I work in the NHS. I'm pretty sure that if I were to circumvent normal procedure I would be disciplined - so I can take concerns to line manager etc but if I went to the press there would be some heavy consequences. Nothing has ever come up that would tempt me to try this though. Quite the opposite actually. Where I've raised concerns I know things have been done to correct that.
"Where I've raised concerns I know things have been done to correct that."
And that's the point, isn't it?
If, when you raised concerns, nothing happened - or worse, you were made to feel you were the problem for raising them - it would be a different kettle of fish.
I'm still working my way through that article meddie linked to, by Dr Phil Hammond and Andrew Bousfield, entitled Shoot the Messenger.
I hadn't realised, among other things, just how many people had attempted to warn GOSH management about the dangerous situation in Haringey that led to Baby P's death.
I always thought a chief executive was top of the tree.
So who sits on a hospital trust?
I am all for appropriate whistleblowing.
Anything secret can be damaging, and in a health situation, people can die.
Btw, I'm absolutely delighted to hear that your part of the NHS does respond properly, NL. I'd like to believe this is true of most of it.

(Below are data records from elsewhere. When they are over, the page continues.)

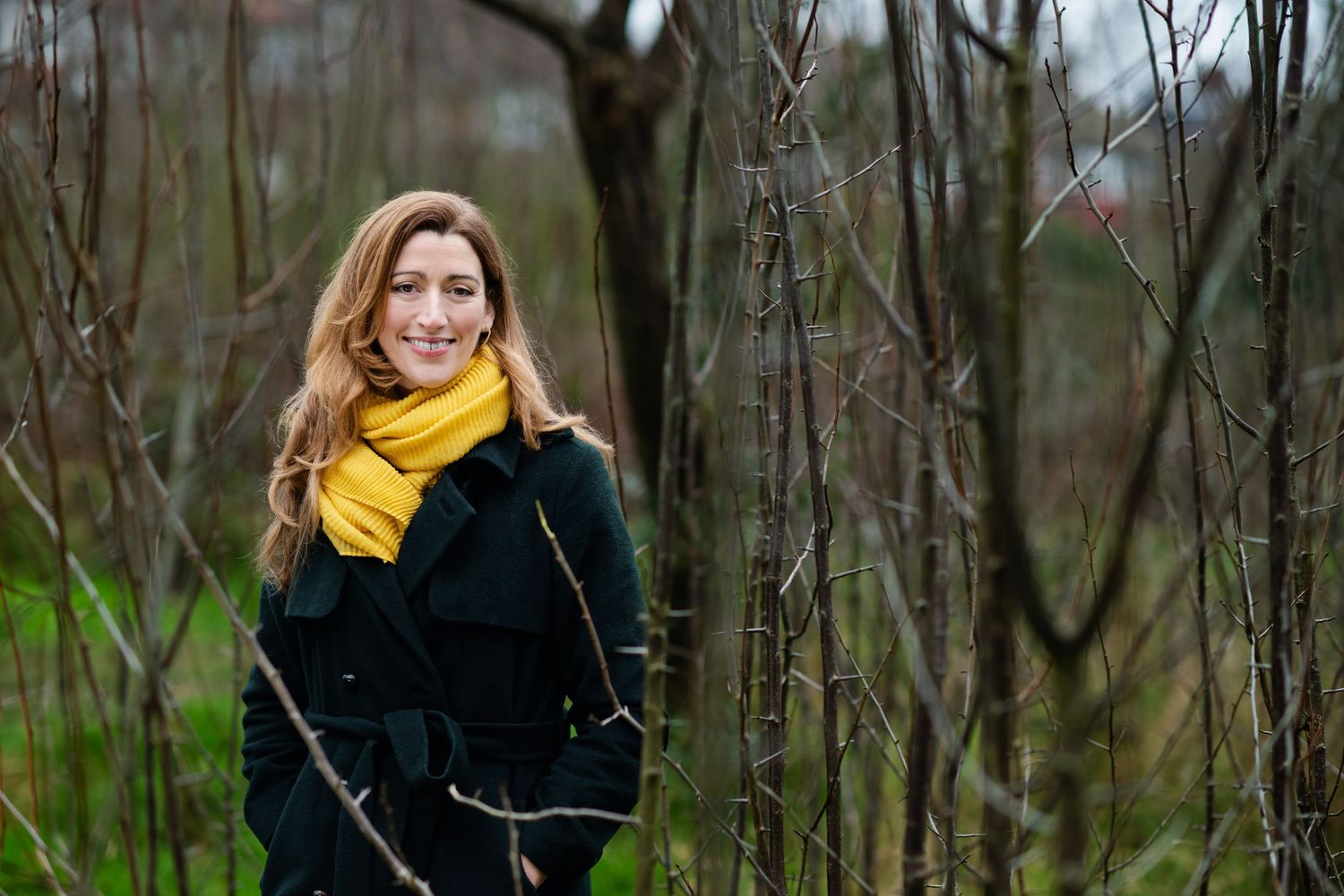 Smiling woman with long hair wearing yellow scarf and black coat standing among bare winter trees.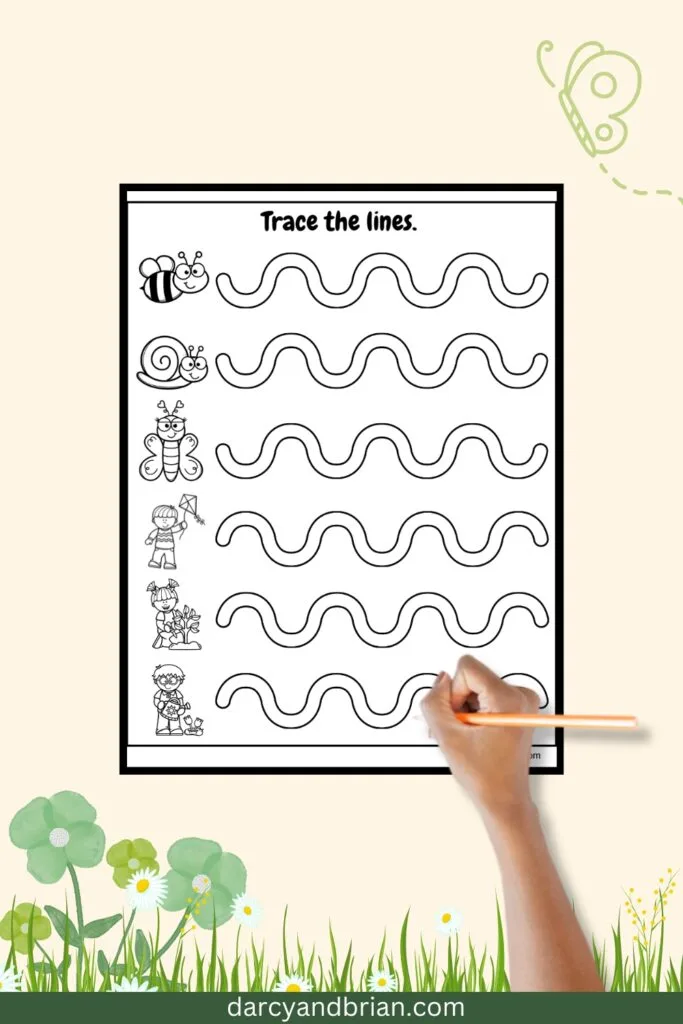 One page with wavy line paths coming out from cute images. A child's hand holding a pencil over the practice sheet.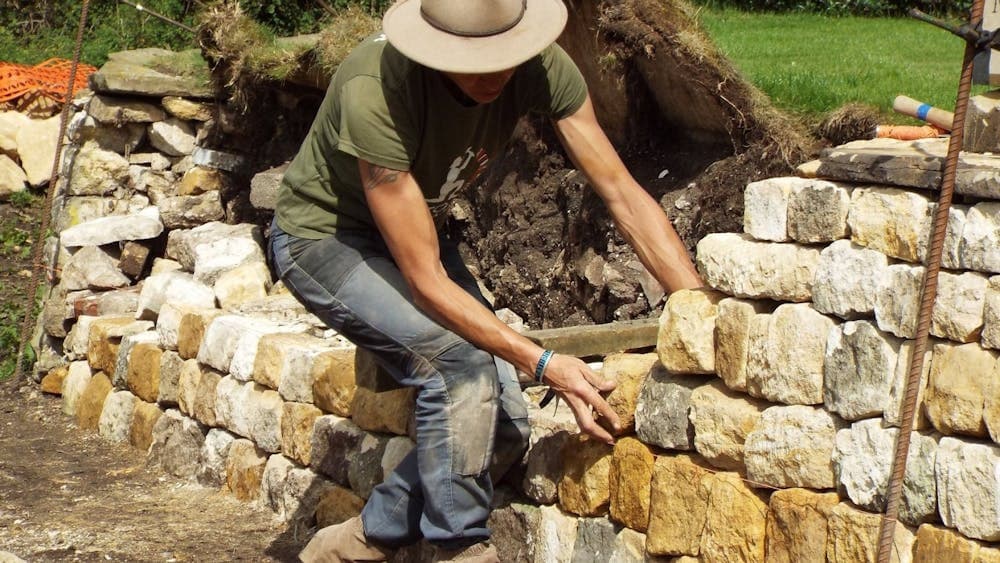 Emma Knowles adding stone to dry stone wall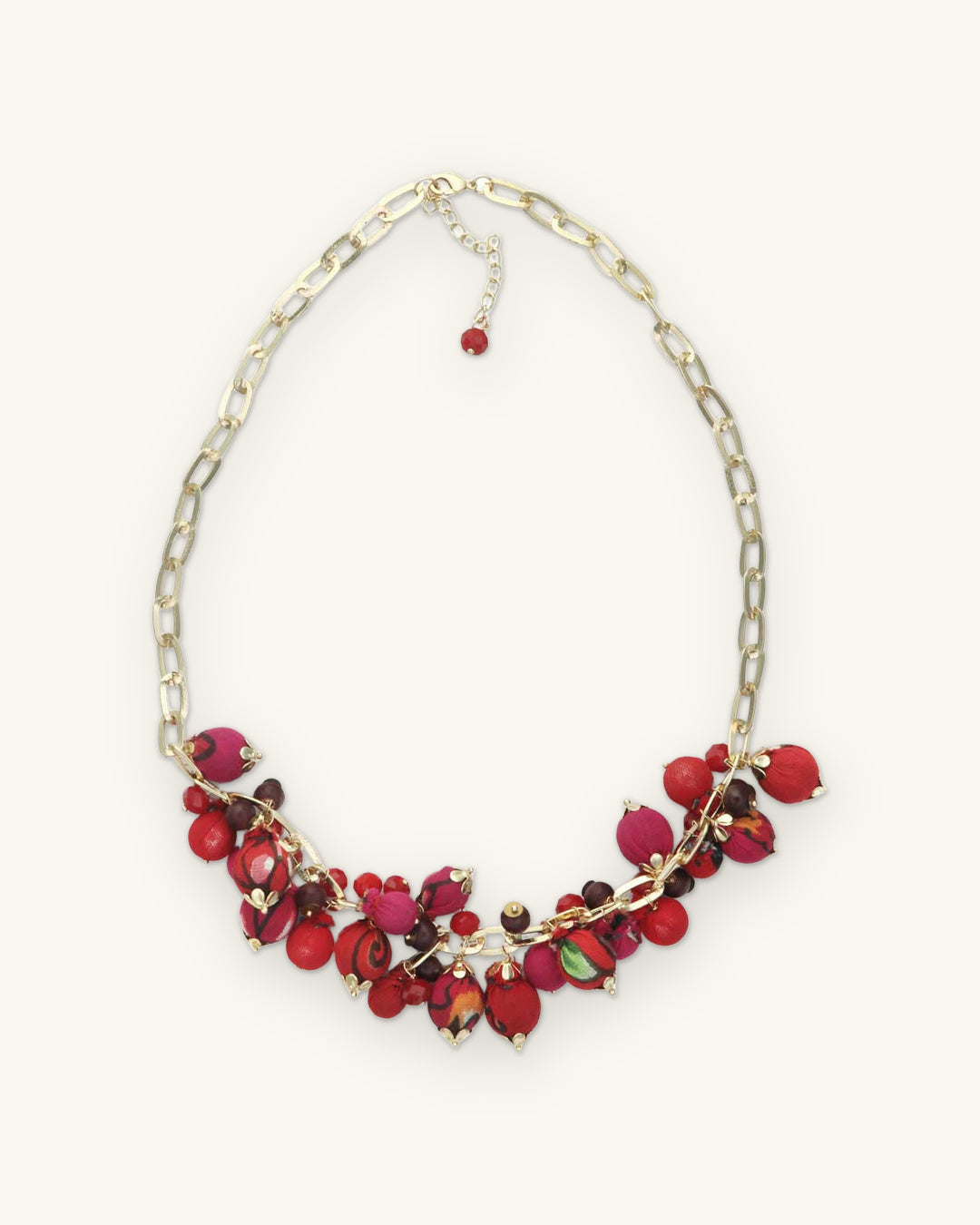 Full view of the red and magenta fabric bead bib necklace with extender and red bead drop, shown on a sand background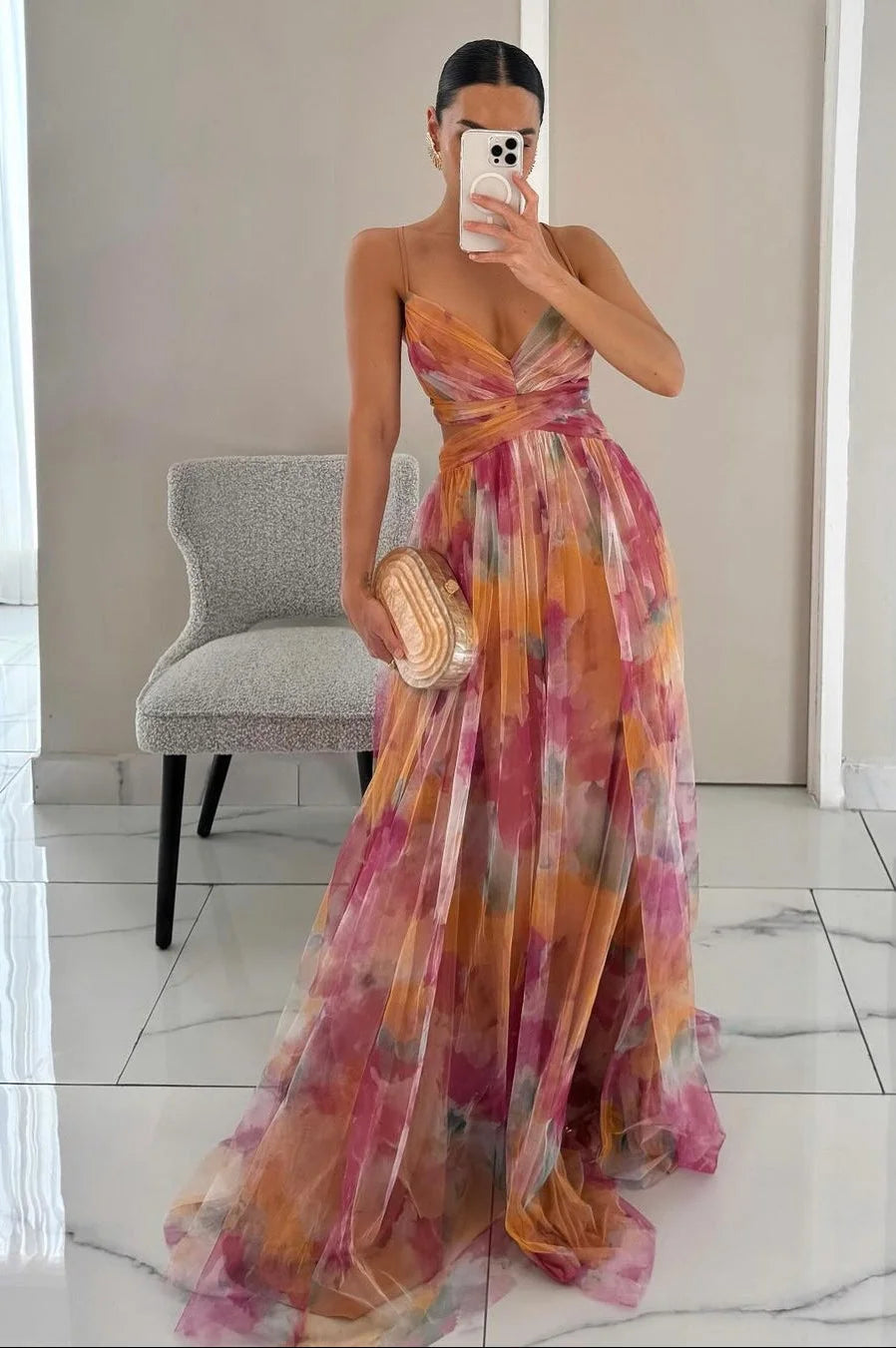 Orange textured maxi dress with tiered layers, adding flowy elegance. Perfect for a chic and stylish look at any event or…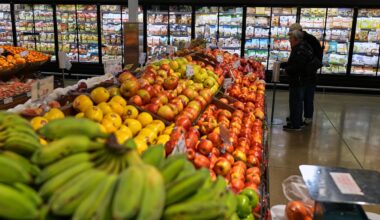 US economy grew a sluggish 0.5% in fourth quarter, government says, downgrading previous estimate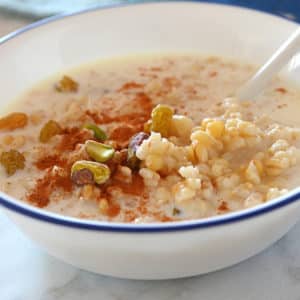 A bowl of wheat berries with milk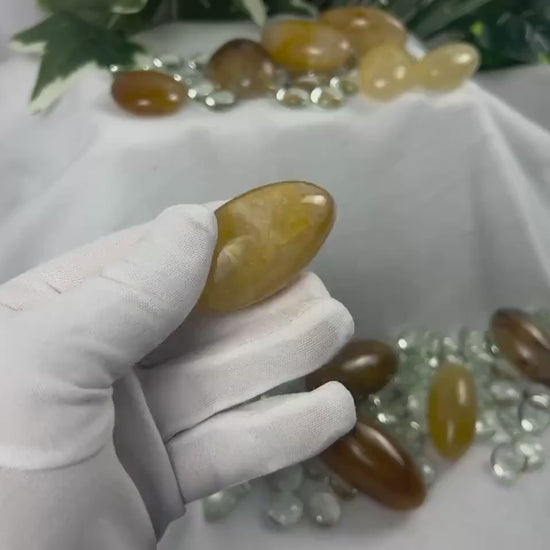 Arkansas Golden Healer Palm Stone: Cigar-Shaped Crystal for Stress Relief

So much to read here - thanks for great links.
Chief exec is top of the tree in their own trust in terms of running the organisation, and will report to a chair. BUT the trust is answerable to the SHA and the SHA is answerable to the Dept of Health. And it's getting really complicated with this governments yet-another-round-of-NHS-'reforms'. Basically the NHS Commissioning Board, led by one David Nicholson, is in charge and will merrily boss all the hospital trusts and commissioning groups around. Fat chance of the command-and-control model disappearing when Nicholson, Hakin and their breed are still around.
Good managers are a huge asset. They can organise things so the doctors and nurses and other health professionals can work at their very best. So the hospital is efficient in the right sense of the word - everything works sensibly with the best use made of people and resources. Bad managers are a disaster. Sadly Nicholson and his ilk are bad managers.
Edam agree with what you wrote about managers. Sometimes I forget how many good ones there are around - because if they are good, everything goes well, and you don't notice them.
In the Guardian on Thursday there was an article about how the government is proposing, in the wake of Leveson, to make it easier for the police to seize confidential material from journalists.
This would also have implications for whistle-blowers, because if they contact the press, the journalists could be forced to hand over their material, which could identify the whistle-blowers.
'The plans would also weaken protection for confidential material from whistleblowers. Journalists would have to show the material did not come from people who had breached confidentiality agreements or who may have committed crimes in revealing the information to a reporter. Such material if handed over could reveal the identity of sources.'
Surely we need more, not less, freedom to tell it as it is.